With the time I spend in recovery, and with others in recovery, there are always similarities, parallels and common themes.  One of the most destructive I believe, that can prevent us from growth, is this ability to forgive ourselves.  It’s self defeating, leads to ongoing guilt and shame and hinders our growth.  It’s self-flagellation, or flatulation more appropriately because it stinks not just for us but we bring it with us into our contact with others who notice it as well.  Our sins can be great or small, regardless though when we’re stuck beating ourselves up we have to find ways to move past it.  Admit our wrongs, present ourselves to God, pray for forgiveness and move on because you’ve been forgiven.  In my daily chair time I’m working through the Old Testament, right now there’s a big focus (rightfully so) on David.  A great man, with some moments that could have defined him.  Him sleeping with Bathsheba, her pregnancy and then his decision to send Uriah to the front to be killed could have led to destruction.  Though of course as most of us can relate, it wasn’t without pain along the way.
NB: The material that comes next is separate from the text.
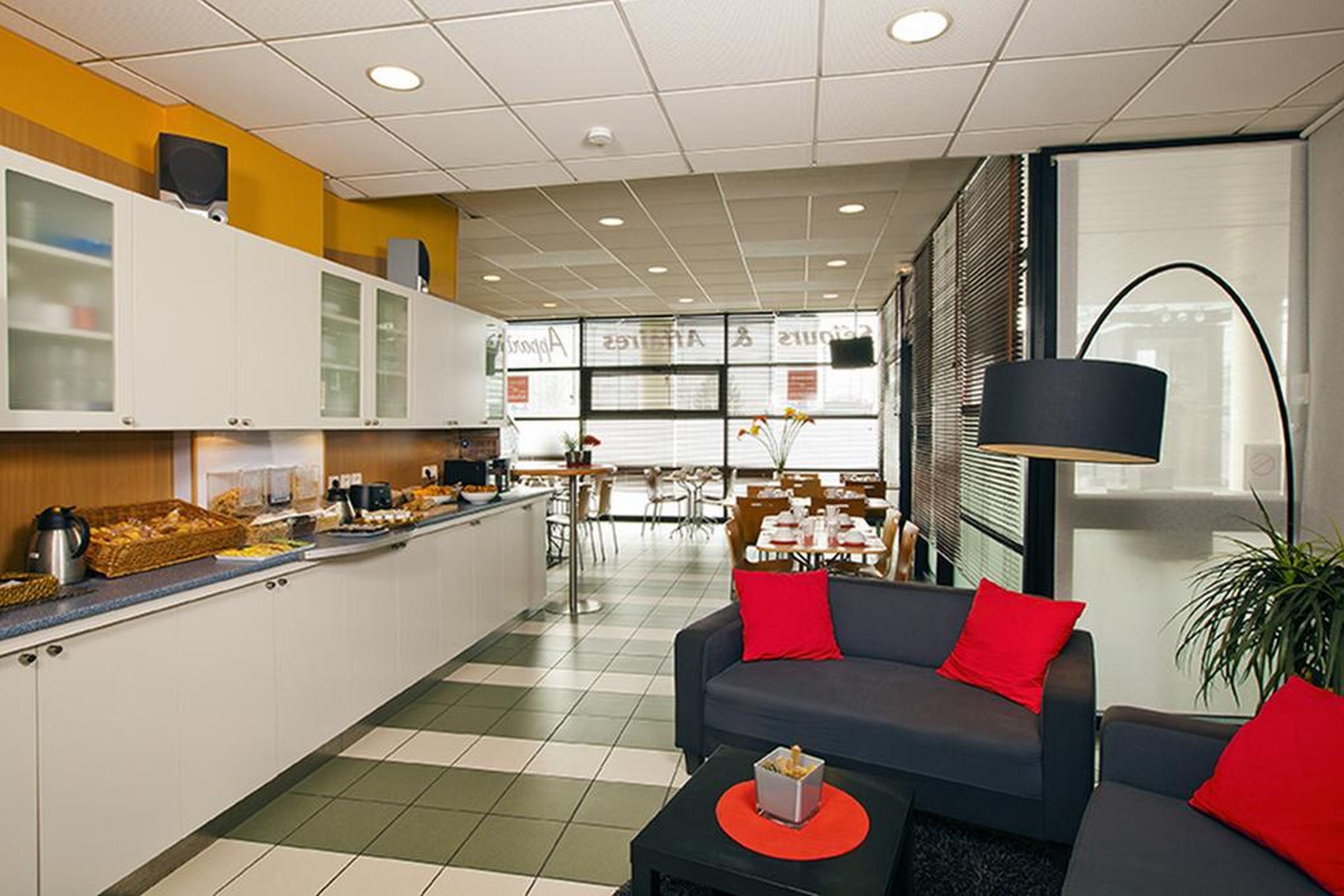 Sejours & Affaires Rennes De Bretagne Aparthotel Bagian luar foto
God sent Nathan to call David out, and let him know that his sin committed in secret will be brought to light before others.  He spoke openly about the effects of his sin, and the destruction it would lead to.  David confessed his sin to Nathan, and in turn was told that his sin had been *put away* but he would still have punishment.

2 Samuel 15-18 And the Lord struck the child that Uriah’s widow bore to David, and he was very sick.  David therefore besought God for the child; and David fasted and went in and lay all night [repeatedly] on the floor.
His older house servants arose [in the night] and went to him to raise him up from the floor, but he would not, nor did he eat food with them.  And on the seventh day the child died.

Despite being forgiven, David went on to prostrate himself, depriving himself very openly leading up to the death of their child.  Then a funny thing happened once he found out his child had died…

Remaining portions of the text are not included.